AstraZeneca, Gaithersburg, MD
Leah Park , Samantha L Thompson , James Roose , Yichen Lu , Moumita Chaki , Clara Lam , Bryan Iorgulescu
Background: Biomarkers play an essential role to inform treatment decisions in mBC. In hormone receptor positive/HER2 negative (HR+/HER2-) mBC, PIK3CA/AKT1/PTEN alterations are now actionable as pt selection biomarkers with the FDA’s Nov 2023 approval of the pan-AKT inhibitor capivasertib. Here we investigate the testing patterns and prevalence of PIK3CA/AKT1/PTEN alterations in mBC. Methods: This retrospective cohort study used two partially overlapping nationwide de-identified databases: the Flatiron Health electronic health record-derived database (FH DB) to assess next-generation sequencing (NGS) testing rates, and the Flatiron Health-Foundation Medicine clinico-genomic database (FH-FMI CGDB) to assess prevalence among tested. Pts were included if they were ≥18 years old and diagnosed with HR+/HER2- mBC from 1/1/17—6/30/22. Prevalence was assessed using any sample type or timing of testing post-mBC diagnosis and defined as pathogenic/likely pathogenic alterations as captured in FMI NGS testing. All analyses were summarized using descriptive statistics. Results: 8,049 (FH DB) and 2,912 (FH-FMI CGDB) pts were eligible. Overall, 37% of pts with mBC received NGS testing (3,002/8,049). Among pts in FH-FMI CGDB, 98% had PIK3CA tested (2,857/2,912) and 97% also had AKT1/PTEN tested (2,838/2,912) in the metastatic setting. The median time from mBC diagnosis to initial test was 148 days for PIK3CA and 188 days for AKT1/PTEN, and 92-93% of testing occurred after the start of first-line (1L) therapy (Table). 82% of PIK3CA testing was on tissue and 37% on liquid biopsy, with 19% of pts receiving both tissue and liquid biopsy. 77% of AKT1/PTEN testing was on tissue and 28% on liquid biopsy, with 5% of pts receiving both tissue and liquid biopsy.
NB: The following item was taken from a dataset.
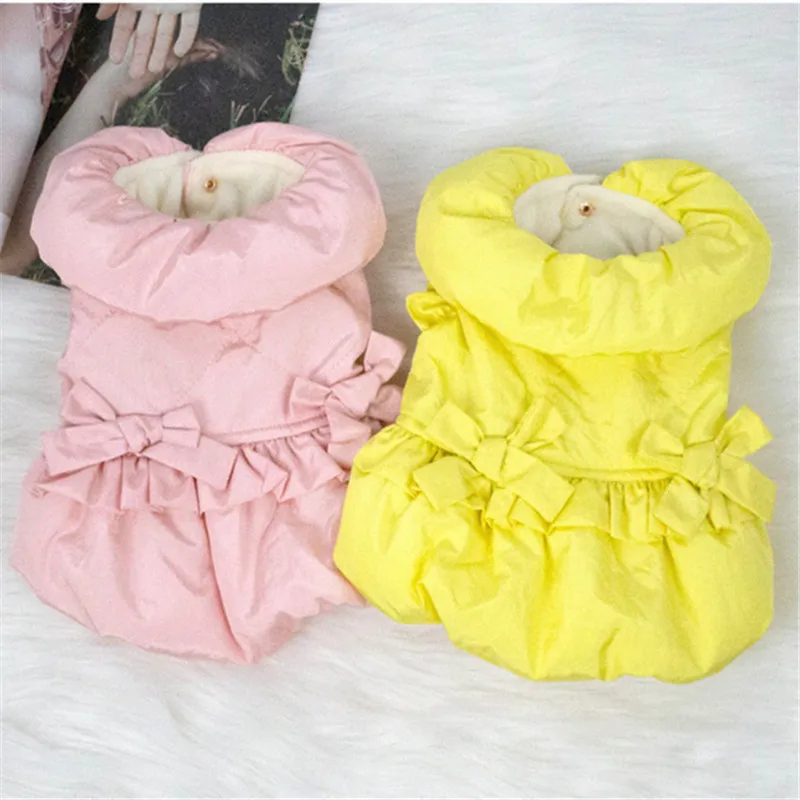 

Winter Dog Dress Cute Bowknot Pet Dog Clothes Warm Puppy Coat Outfit Candy Color Yorkshire Pomeranian Small Dog Clothing Costume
At least one PIK3CA/AKT1/PTEN alteration was detected in 55% of the pts (1,557/2857) tested for any of the markers, regardless of sample type. Conclusions:<40% of pts with mBC received NGS testing from 2017-2021, suggesting opportunities for improving pts’ access to testing. Coupled with the high rate of PIK3CA/AKT1/PTEN alterations, NGS testing should be incorporated in routine clinical practice to identify optimal treatments.
PIK3CA | AKT1 | PTEN | |
---|---|---|---|
Total pts tested, n | 2857 | 2838 | 2838 |
Had NGS testing after 1L start* | 2497 (93%) | 2464 (92%) | 2464 (92%) |
Days from mBC diagnosis to 1st test, median (IQR) | 148 (38, 547) | 188 (42, 616) | 188 (42, 616) |
Had NGS tissue testing | 2352 (82%) | 2192 (77%) | 2192 (77%) |
Had NGS liquid biopsy | 1048 (37%) | 788 (28%) | 788 (28%) |
Alteration prevalence+ | |||
In tissue testing | 998/2352 (42%) | 111/2192 (5%) | 250/2192 (11%) |
In liquid biopsy | 403/1048 (38%) | 39/788 (5%) | 69/788 (9%) |
Any sample type | 1252/2857 (44%) | 147/2838 (5%) | 308/2838 (11%) |
*227 pts did not have 1L.
+including co-alterations among PIK3CA/AKT1/PTEN.